List at the ready she walked to the hallway, where the phone lived – bolted to the wall. She reached up and took hold of the ear piece. She stood in front of the phone and twirled the magneto handle, listened, and spoke.
“Camperdown 75 please.” (A little wait and then she would recite her list. A few hours later the grocer came with a box of the goodies she ordered. (None of it appealed to a hungry young boy).
At the end of her call she replaced the ear piece on the carrier at the side of the wooden Oak box that was our telephone.
Most of the household communication was by letter but once a year Dad would contact a brother in Duns Scotland and they would share a minute or two talking. After that time the operator would interrupt the call and enquire , “Your time is nearly up. Do you want to extend the call for another minute?” Frequently thrift determined the call would cease. On the second, the operator would disconnect the lines and the call ceased.
The Post Master General ran the operations for the Federal Government.
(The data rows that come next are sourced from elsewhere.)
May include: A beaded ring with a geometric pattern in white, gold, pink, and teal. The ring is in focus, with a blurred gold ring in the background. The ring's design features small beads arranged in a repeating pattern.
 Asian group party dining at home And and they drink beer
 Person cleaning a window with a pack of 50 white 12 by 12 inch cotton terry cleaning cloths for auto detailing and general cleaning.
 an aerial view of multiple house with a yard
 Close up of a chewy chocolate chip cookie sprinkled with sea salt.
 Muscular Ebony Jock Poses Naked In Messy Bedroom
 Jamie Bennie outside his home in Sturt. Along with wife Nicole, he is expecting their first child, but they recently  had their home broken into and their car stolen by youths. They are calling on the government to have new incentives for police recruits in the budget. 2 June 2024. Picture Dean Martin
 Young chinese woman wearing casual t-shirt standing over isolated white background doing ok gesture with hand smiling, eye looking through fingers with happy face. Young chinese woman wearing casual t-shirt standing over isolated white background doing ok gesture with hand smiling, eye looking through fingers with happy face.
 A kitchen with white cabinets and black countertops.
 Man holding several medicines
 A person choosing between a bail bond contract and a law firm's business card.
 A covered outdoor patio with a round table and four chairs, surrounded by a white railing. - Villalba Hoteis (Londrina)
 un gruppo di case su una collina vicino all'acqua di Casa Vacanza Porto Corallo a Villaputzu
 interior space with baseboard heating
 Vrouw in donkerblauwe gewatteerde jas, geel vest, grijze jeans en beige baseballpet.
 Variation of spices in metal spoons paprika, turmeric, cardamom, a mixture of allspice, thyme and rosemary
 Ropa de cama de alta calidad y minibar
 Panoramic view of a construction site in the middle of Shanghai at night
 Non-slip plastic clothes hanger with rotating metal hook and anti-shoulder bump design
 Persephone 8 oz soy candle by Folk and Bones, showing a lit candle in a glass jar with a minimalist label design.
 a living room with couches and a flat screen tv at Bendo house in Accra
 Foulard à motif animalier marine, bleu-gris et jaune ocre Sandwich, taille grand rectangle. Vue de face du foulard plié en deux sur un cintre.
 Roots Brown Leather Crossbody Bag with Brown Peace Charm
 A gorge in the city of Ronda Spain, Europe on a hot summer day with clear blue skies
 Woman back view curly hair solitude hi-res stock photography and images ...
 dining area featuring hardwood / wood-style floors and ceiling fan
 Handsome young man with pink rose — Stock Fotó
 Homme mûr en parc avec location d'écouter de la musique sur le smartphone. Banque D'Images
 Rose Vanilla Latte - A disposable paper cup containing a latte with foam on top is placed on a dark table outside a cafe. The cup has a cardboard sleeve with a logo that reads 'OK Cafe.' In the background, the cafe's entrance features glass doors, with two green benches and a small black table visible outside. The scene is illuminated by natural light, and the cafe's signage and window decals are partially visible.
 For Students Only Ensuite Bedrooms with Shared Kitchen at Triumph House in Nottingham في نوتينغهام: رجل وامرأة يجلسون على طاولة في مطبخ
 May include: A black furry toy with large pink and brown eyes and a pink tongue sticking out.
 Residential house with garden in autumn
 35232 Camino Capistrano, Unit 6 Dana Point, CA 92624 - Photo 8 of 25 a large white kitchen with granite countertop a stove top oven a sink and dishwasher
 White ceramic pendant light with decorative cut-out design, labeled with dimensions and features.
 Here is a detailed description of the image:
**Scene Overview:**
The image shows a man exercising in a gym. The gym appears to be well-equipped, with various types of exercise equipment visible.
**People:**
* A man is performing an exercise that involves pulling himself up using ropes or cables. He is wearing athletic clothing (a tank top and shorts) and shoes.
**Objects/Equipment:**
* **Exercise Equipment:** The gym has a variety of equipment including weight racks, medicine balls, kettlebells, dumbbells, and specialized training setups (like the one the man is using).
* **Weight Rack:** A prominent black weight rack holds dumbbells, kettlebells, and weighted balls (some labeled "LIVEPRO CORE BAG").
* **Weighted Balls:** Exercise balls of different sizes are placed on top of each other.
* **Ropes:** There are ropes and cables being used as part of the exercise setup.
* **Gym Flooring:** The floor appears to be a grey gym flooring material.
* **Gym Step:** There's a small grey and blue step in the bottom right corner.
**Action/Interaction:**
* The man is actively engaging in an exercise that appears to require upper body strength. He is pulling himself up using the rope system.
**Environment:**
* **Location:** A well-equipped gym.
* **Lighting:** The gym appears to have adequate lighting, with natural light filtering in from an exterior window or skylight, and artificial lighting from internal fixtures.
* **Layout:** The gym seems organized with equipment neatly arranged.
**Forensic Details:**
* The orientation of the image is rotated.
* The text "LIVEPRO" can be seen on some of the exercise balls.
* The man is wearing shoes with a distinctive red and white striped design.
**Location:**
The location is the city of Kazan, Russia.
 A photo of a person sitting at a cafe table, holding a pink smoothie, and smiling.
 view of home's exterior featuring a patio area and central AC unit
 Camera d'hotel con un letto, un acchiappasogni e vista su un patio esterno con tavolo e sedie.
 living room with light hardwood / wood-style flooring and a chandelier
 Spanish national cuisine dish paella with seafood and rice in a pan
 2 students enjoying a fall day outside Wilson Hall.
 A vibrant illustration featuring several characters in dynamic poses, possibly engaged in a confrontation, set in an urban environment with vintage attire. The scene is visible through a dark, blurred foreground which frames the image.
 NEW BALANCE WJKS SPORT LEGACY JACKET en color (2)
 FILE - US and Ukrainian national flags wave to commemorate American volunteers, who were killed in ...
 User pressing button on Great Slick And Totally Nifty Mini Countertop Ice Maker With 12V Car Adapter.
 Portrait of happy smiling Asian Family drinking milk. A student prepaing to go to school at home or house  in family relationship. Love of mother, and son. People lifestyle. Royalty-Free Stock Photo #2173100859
Homes were connected to the network of copper wires crisscrossing the country, wired to their insulators on poles, and stretched across the countryside five metres from the ground. If you didn’t like the PMG you had no alternative. An army of PMG workers spent the day fixing broken lines, telephones, and exchanges because all the emergency services depended on the system working.
(In writing this I am reminded how the telephone lines ran beside the railway line between towns and sidings. As a steam train passenger, in my experience, smoke from the engine would blow past the window, the train clickedly – clacked as each wheel ran over the joints in the line, and the telephone lines would fall and rise between each post in rhythmic movements. The whole effect was mesmerising.)
It was years before it was commonplace for homes to have desk telephones. For few homes were large enough to accommodate an extra telephone table and chair. In time phones became smaller, smarter, and they came in a variety of colours with a single hand piece – to listen to – and capture the speaker’s voice. The off site operator disappeared and the home owner was able to dial directly from the phone with a rotary dial connector to anywhere else.
When more people connected the number of lines multiplied each year. To save time – people kept a teledex of the numbers they most frequently used handy to save them searching through the phone book for them.
As a teenager I didn’t call my friends on the phone. We had been trained to consider the cost of a call. My sisters didn’t make calls either. I was in my fifties before I had a mobile phone. It was provided as a work tool and as the book – keeper monitored the usage it was limited to essential calls regarding appointments.
The ubiquitous use of phones is relatively new. One surprising thing is how quickly they become redundant. Last year Samsung took over from Apple as the most popular phone. Today I read China’s Huawei has eclipsed them. It seems only a few years since no one had anything but a Nokia.
The modern Miss or Mister could not imagine anyone using a fifty year old phone except as a stage prop in Arsenic and Old Lace like we did.
Certainly Alexander Graham Bell must be restless in his grave if he ever thinks of what he unleashed.